Excerpted records -
━━━━━━━━━━━━━━━━

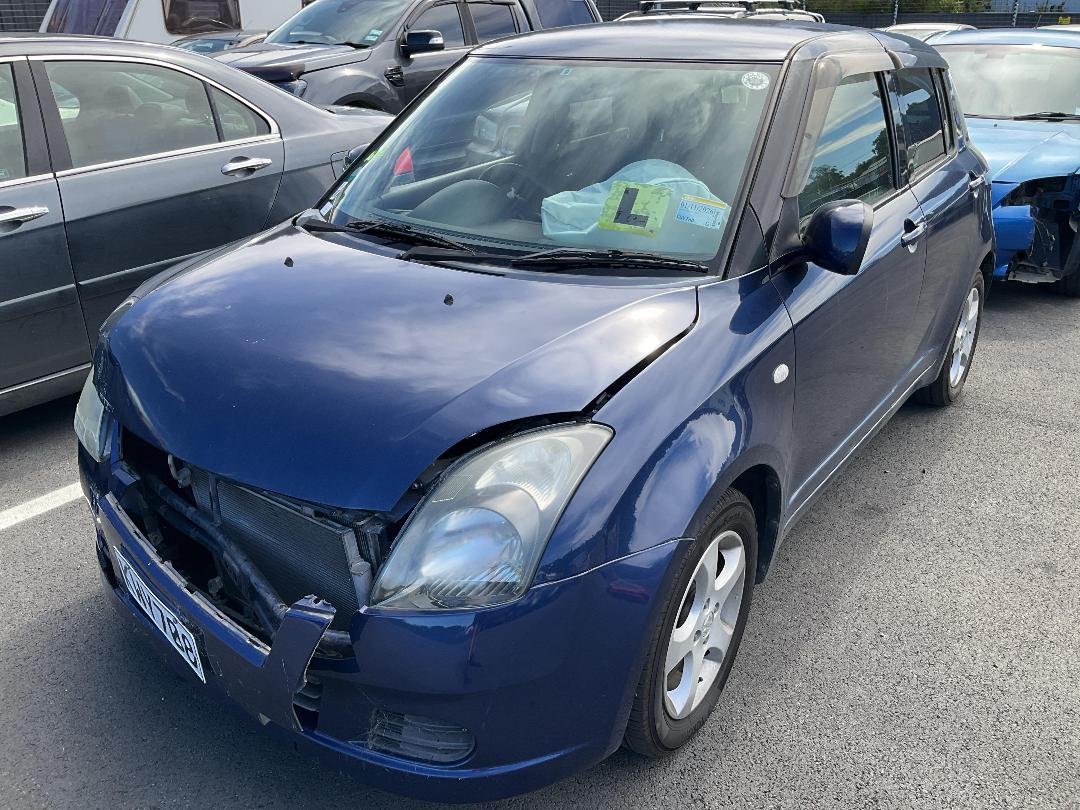 Photo '4' of Suzuki Swift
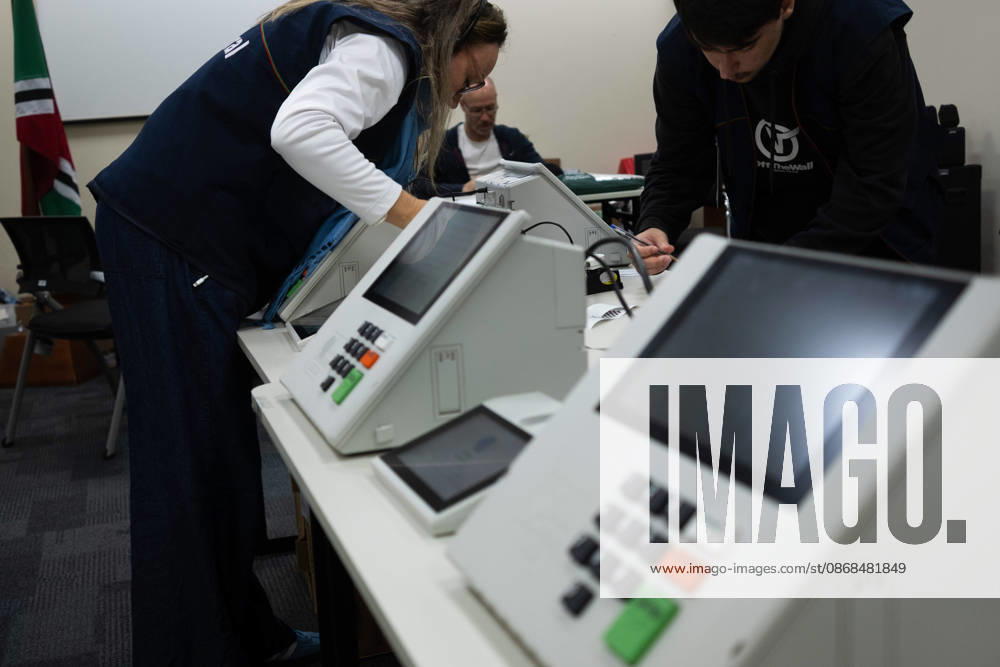 CRICIuMA, SC - 03.10.2026: PREPARATION OF ELECTRONIC VOTING MACHINES - Electronic ballot boxes being prepared this Saturday (03), the day before the elections, in the 10th Electoral Zone of the municipality in Criciuma SC. x3024247x Josà xDemathÃ
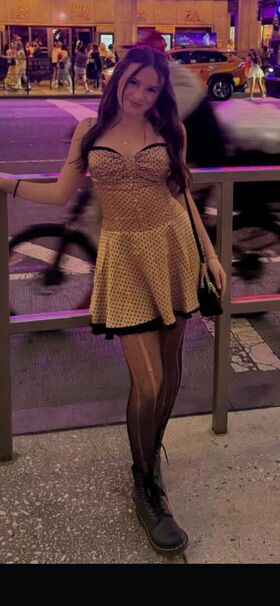 Cailey Fleming Nahé uniklé OnlyFans foto 12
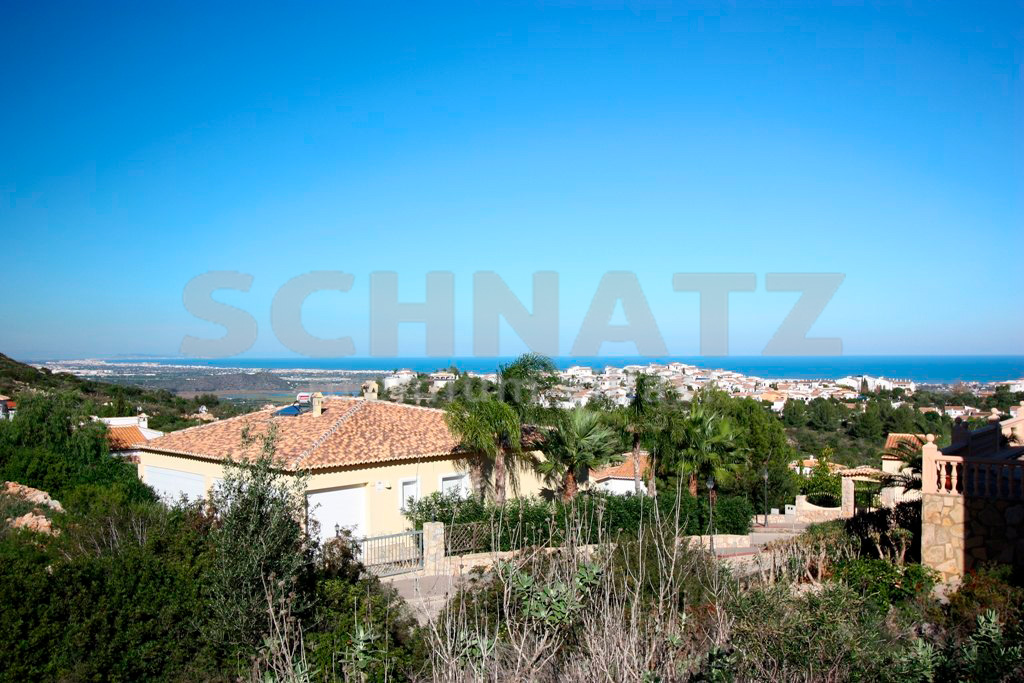 Villa de diseño minimalistas sobre una parcela con increíbles vistas al mar en venta en Rafol de Almunia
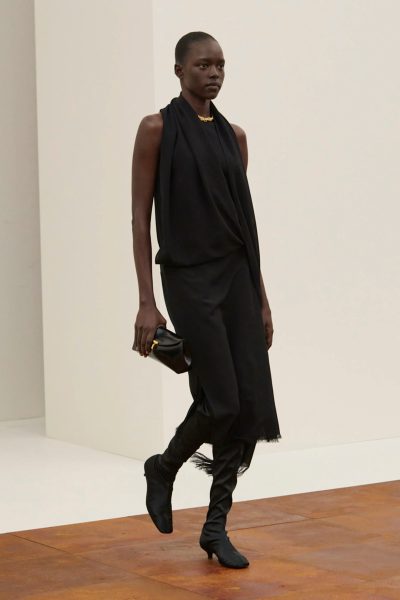 is-het-een-sok-is-het-een-laars-deze-omstreden-schoen-keert-terug-in-2026-379906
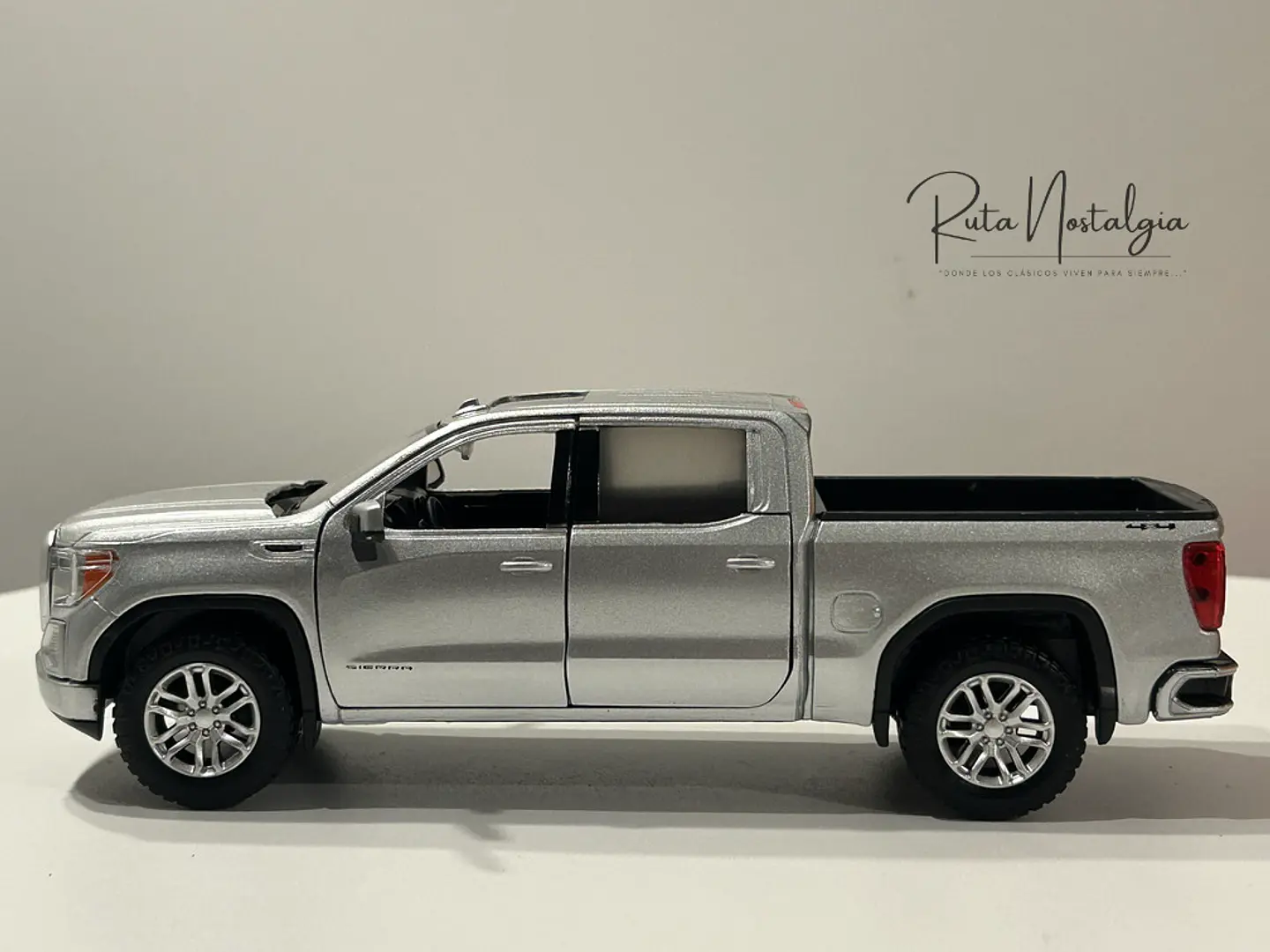 Camioneta Motormax GMC Sierra 1500 SLT Crew Cab 2019 1:24 7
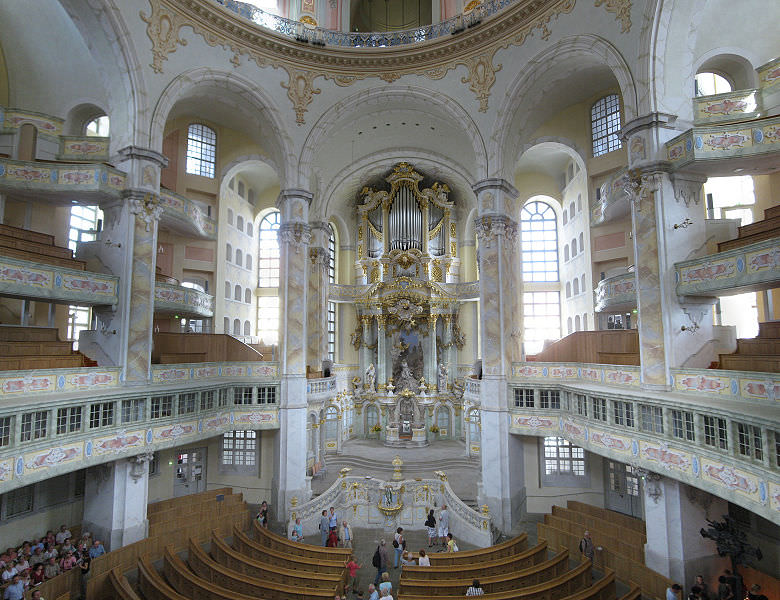 Frauenkirche_interior_2008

━━━━━━━━━━━━━━━━

What the task requires -
From the line containing "Camioneta Motormax GMC" down to the last line of the entries above, copy each line exactly and nothing more. Leave pictures out.

Answer section -
 Camioneta Motormax GMC Sierra 1500 SLT Crew Cab 2019 1:24 7
 Frauenkirche_interior_2008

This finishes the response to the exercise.